On voit souvent les poulets d'élevage industriel projeter sur leur dos une poussière imaginaire. Si on leur donne accès à un sol plus naturel, ils se livrent à une véritable orgie de bains de poussière réelle, comme s'ils rattrapaient le temps perdu. Tout cela suggère que les poules désirent fortement pouvoir gratter le sol et prendre des bains de poussière, et cette conclusion est confirmée lorsqu'elles ne peuvent accéder au sol qu'elles préfèrent qu'en consentant à un effort.

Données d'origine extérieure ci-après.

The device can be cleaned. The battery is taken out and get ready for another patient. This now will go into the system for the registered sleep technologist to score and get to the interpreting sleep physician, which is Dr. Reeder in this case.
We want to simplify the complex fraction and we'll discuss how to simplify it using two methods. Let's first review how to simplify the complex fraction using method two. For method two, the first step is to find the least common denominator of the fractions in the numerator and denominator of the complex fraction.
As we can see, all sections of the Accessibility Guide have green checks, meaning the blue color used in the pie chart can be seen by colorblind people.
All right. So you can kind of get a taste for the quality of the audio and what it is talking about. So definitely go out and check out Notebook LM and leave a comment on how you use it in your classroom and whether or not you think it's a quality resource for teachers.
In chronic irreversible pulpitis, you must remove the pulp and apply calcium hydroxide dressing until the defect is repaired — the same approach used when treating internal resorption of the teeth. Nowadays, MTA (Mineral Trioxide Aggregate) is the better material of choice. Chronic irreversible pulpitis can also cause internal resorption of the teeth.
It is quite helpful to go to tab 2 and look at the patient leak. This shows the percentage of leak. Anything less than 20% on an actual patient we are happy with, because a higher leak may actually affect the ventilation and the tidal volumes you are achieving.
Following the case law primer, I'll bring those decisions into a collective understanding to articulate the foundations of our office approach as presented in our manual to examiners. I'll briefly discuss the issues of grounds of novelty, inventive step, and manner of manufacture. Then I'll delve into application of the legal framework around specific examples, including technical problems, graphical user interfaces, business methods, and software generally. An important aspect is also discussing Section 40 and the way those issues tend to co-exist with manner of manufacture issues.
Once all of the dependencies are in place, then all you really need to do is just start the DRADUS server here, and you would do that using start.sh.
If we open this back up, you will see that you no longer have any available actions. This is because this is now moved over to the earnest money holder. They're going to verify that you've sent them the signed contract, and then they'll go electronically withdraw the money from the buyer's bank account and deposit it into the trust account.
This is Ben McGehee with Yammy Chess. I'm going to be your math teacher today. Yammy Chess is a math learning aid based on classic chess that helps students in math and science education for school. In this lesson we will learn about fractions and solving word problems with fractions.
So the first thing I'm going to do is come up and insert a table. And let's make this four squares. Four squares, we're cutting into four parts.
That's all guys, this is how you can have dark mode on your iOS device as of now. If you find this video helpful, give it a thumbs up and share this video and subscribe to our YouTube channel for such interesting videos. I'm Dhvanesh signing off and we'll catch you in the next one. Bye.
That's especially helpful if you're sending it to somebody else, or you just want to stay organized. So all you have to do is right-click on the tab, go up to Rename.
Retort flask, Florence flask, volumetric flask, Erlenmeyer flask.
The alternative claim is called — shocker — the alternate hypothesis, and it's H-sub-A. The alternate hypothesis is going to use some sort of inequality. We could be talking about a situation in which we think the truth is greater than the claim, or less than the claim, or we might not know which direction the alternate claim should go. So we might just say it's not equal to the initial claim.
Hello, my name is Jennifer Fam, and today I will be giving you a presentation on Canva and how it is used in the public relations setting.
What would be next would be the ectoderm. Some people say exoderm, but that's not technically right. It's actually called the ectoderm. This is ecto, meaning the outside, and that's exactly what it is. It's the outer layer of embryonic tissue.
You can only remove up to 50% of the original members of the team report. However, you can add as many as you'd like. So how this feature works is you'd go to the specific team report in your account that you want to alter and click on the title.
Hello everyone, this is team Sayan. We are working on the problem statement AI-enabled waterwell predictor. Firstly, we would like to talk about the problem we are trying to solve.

On peut concevoir divers dispositifs pour mesurer combien les poules sont prêtes à payer pour accéder à des choses telles que de l'herbe fraîche, un sol à gratter, un pondoir [8], la compagnie d'autres poules, etc. Norma Bubier par exemple a utilisé à cette fin le fait que les poules n'aiment pas les passages étroits. Elle a observé qu'elles étaient cependant prêtes à franchir de façon répétée de tels passages pour accéder à de la nourriture ou à un sol meuble et que les poules sur le point de pondre consentaient à des efforts considérables pour accéder à des pondoirs. On a ainsi une idée de la profonde frustration des millions de poules obligées chaque jour de pondre dans des cages qui en sont dépourvues. Bubier a aussi observé que les poules acceptaient de payer un certain « prix » pour pouvoir rejoindre un groupe de congénères (ce sont des animaux sociaux), mais moins élevé que celui qu'elles paient pour avoir un pondoir ou un sol permettant les bains de poussière.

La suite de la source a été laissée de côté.